Just as adults often do not consider their cleaning solutions under the kitchen sink to be potential substances of abuse, the items in their medicine cabinet are also overlooked.  With recent data showing that one in 10 12th-graders reported nonmedical use of Vicodin within the past year, it is clearly time that we move past the perception that the nonmedical use of physician-prescribed drugs is not dangerous.  In fact, consequences can be dire whether the adolescent is abusing the prescription drug for the intended purpose, for example as a sleep aide, pain reliever, anxiety reducer or, if they are abusing these drugs as a means of getting high.  Stimulants, for example, can elevate blood pressure and cause irregular heartbeat, respiration, and seizures.  Sleeping pills and other central nervous system (CNS) depressants, combined with any medication or substance that causes drowsiness, can slow both heartbeat and respiration, which can be fatal; discontinuing prolonged use of high doses of CNS depressants can cause seizures.  Painkillers and antianxiety medications can cause depressed respiration and death.  Further, the addiction to the prescription drugs is not only a facilitator of other negative consequences; it is itself, a negative consequence. 
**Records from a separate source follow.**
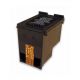 alt. kazeta wecare ARMOR pre CC641EE - black No.300XL pre HP DJ D2560, F4280 (809 str.) (K20272W4)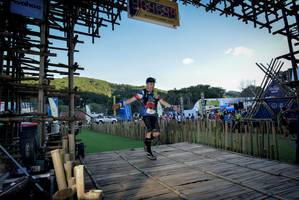 BIB: 110, 202
                            <button type="button" onclick="openModal(19177798)" class="btn btn-primary btn-sm float-right btn-popup" data-toggle="modal" data-target=".modal-high-quality">
                        <i class="fas fa-shopping-cart"></i> Add to Cart
                    </button>
                                            <button type="button" onclick="isThisMe(19177798, true)" class="btn btn-success btn-sm float-right btn-popup btn-isme hidden" data-toggle="tooltip" data-placement="bottom" title="นี่คือรูปของคุณใช่ไหม คลิกที่นี่เพื่อเอาเข้าอัลบั้ม">
                        <i class="fas fa-plus"></i> Add to album
                    </button>
                    <button type="button" onclick="isThisMe(19177798, false)" class="btn btn-warning btn-sm float-right btn-popup btn-isnotme hidden">
                        <i class="fas fa-ban"></i> Remove from album
                    </button>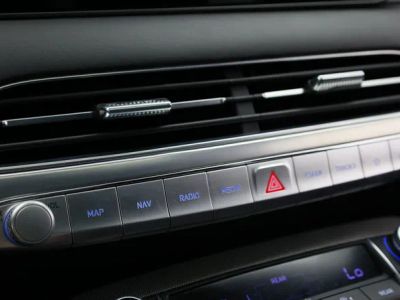 2022 Hyundai Palisade — photo 22 view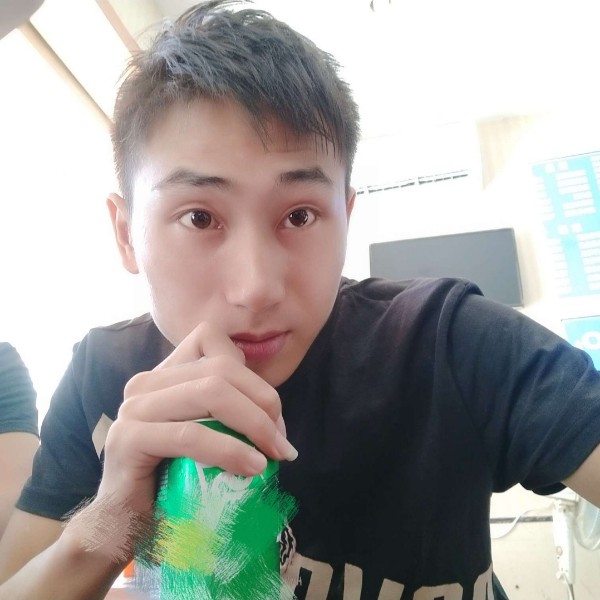 不会水鱼的照片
Finally, unlike traditional illicit drugs, prescription drugs can be abused in order to enhance performance or improve appearance.  This opens the door for teens that might not otherwise abuse substances and yet, their need to lose weight or heighten their concentration in preparation for an exam, may lead them to adopt a “by any means necessary” approach.  This challenges our notion of what an adolescent substance abuser is, and calls on school staff to learn to recognize the warning signs in students they might otherwise not consider at risk for drug abuse.  The same holds true for those adolescents at risk for abusing anabolic steroids.  Our recent data show that 2.6 percent of high school seniors reported using steroids at least once.  While not as commonly abused as other types of drugs, the side effects of steroids can be particularly damaging to a group that is otherwise health conscience.  Major side effects can include liver tumors and cancer, jaundice, high blood pressure, kidney tumors, severe acne, trembling, depression, and if severe enough, suicide.  In males, steroids have a feminizing effect and in females, a masculinizing effect.  Adolescents that abuse steroids face the possibility that their growth may be halted prematurely and permanently. 

Research suggests that drug abuse involves multiple factors, including biology, environment, and interactions between the two.  One salient environmental influence on children and adolescents is the school context.  What are the most important factors in the school environment that either protect or put youths at risk for drug use?

Risk factors can occur at different stages of a child’s life, in different settings.  Early onset risk factors can place children on developmental paths that lead to adolescent drug abuse and related problem behaviors.  Within schools, several individual, peer, and environmental factors can place adolescents at risk for drug abuse:  inappropriate classroom behavior, such as aggression and impulsivity; academic failure; poor social coping skills; and association with peers involved in high-risk behaviors, including drug abuse. 

Not all risk factors, however, stem from the students themselves; in fact, misperceptions about the extent and acceptability of drug-abusing behaviors in school held by school staff and the public in general, also can create an environment that increases drug-abuse risk.  For example, the belief that most adolescents use drugs when, in fact, most do not, can lead to ambiguous or poorly enforced drug-abuse policies. 

The effects of these and other environmental risk factors can increase during transitions that occur in the school context—such as entrance to a new school, and transitions from elementary to middle school, or middle to high school.  These are times when children and adolescents are faced with new academic and social situations.  School-based prevention programs that show evidence for protecting adolescents from drug abuse are often integrated with goals for academic success and focus on promoting school bonding.  In addition, they may improve social and academic skills; enhance peer relationships; improve self-control, coping skills and drug refusal skills; and correct misperceptions about adolescent drug-use norms.  Finally, schools should use caution when grouping high-risk teens in peer group prevention programs, because such groupings have been shown to produce negative outcomes, as the youth may reinforce each other’s drug-abuse behaviors. 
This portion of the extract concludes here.